The procedure for selecting candidates on the Polish side is handled by the Ministry of Foreign Affairs. During the selection of the first list of candidates, reservations were made by, among others, the then Ombudsman, Adam Bodnar. As he argued, the candidates for judges were selected by a team composed only of persons designated by the executive authority, which held closed sessions. The Commissioner for Human Rights also pointed to the lack of a public hearing of the candidates.
The Council of Europe, rejecting the lists of Polish candidates in April, argued that the main reason was the non-transparent procedure for selecting them.
In order to select candidates, a special team was appointed under the leadership of Piotr Wawrzyk, the deputy head of the Ministry of Foreign Affairs. He reported that in the second half of October. Hearings of candidates for judges of the ECHR were scheduled. He added that if the work proceeded similarly to the previous one, the Parliamentary Assembly of the CoE could deal with Polish candidates in the spring of 2022.
On Tuesday, the Ministry of Foreign Affairs announced that the list of candidates was notified pursuant to Article 22 of the Convention for the Protection of Human Rights and Fundamental Freedoms and the order of the Minister of Foreign Affairs of January 13, 2012 on the appointment of the Team for the selection of candidates for the office of judge of the ECHR.
European Court of Human Rights
The ECtHR is an organ of the Council of Europe – it adjudicates on complaints about violations of rights and freedoms contained in the Convention for the Protection of Human Rights and Fundamental Freedoms and its additional protocols. The ECtHR consists of 47 judges – one from each state party to the Convention. Their term of office is nine years.
The requirements for holding the office of a judge of the ECHR are set out in Art. 21 of the Convention: judges should be people of the “highest moral level”, and must either be qualified to hold a high judicial office or be lawyers of recognized competence. Judges sit in the Tribunal on their own behalf, and while in office they may not participate in any activity incompatible with independence, impartiality and the requirements of holding office full-time.

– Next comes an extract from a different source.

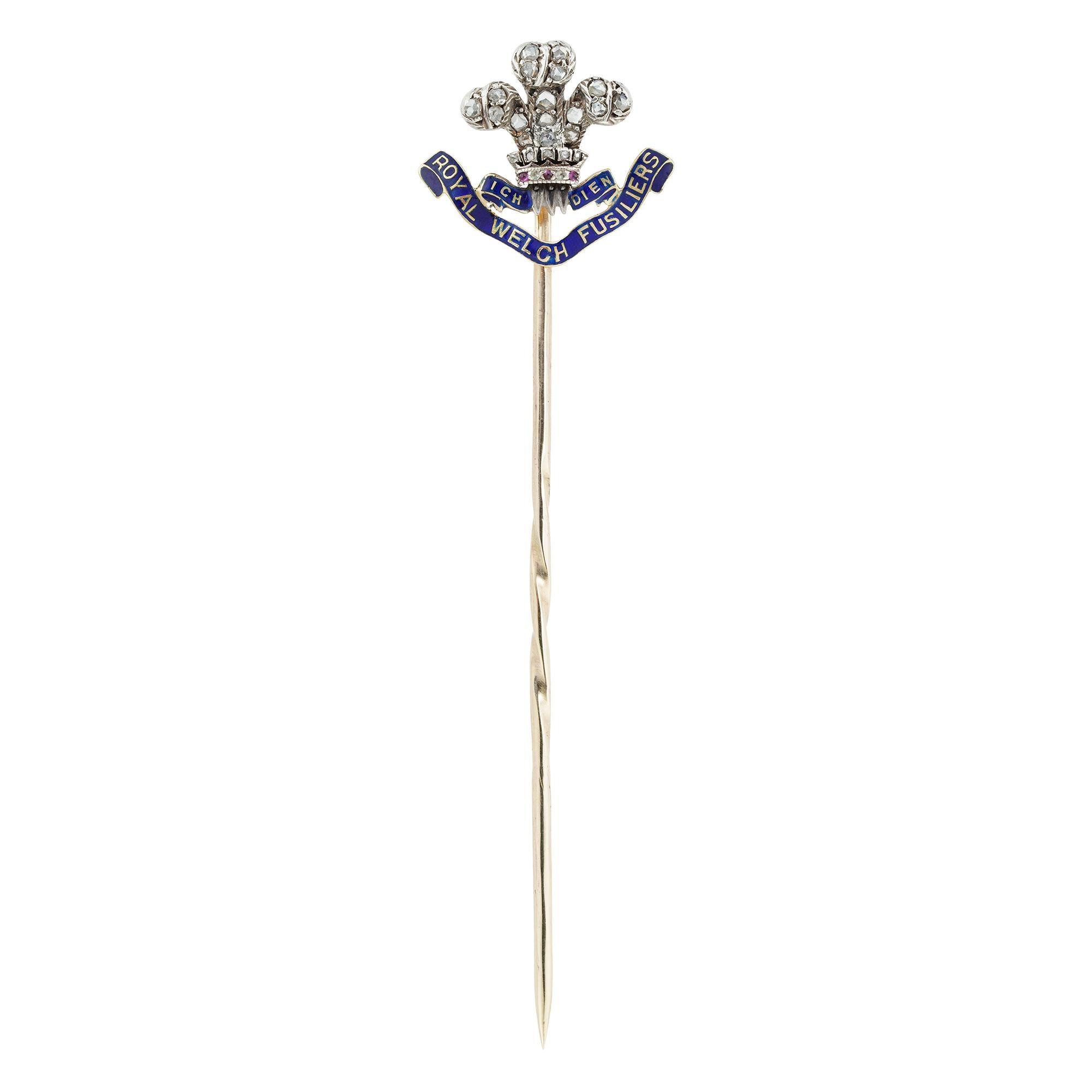 A late Victorian Royal Welch Fusiliers stick pin bearing the motto “Ich Dien” on a blue enamel banner with diamond set Prince of Wales feathers above, circa 1900, measuring 70mmx19mm, gross weight 2.5g.

This antique pin is in very good condition,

Before voting by the Parliamentary Assembly of the CoE, the candidates are assessed by a specially appointed committee. This first assesses the “fairness and openness” of the process of their selection in the country, and only then goes on to assess their qualifications. If the committee considers that all the conditions it has set have been met, the final choice is made by the Parliamentary Assembly itself by secret ballot in plenary.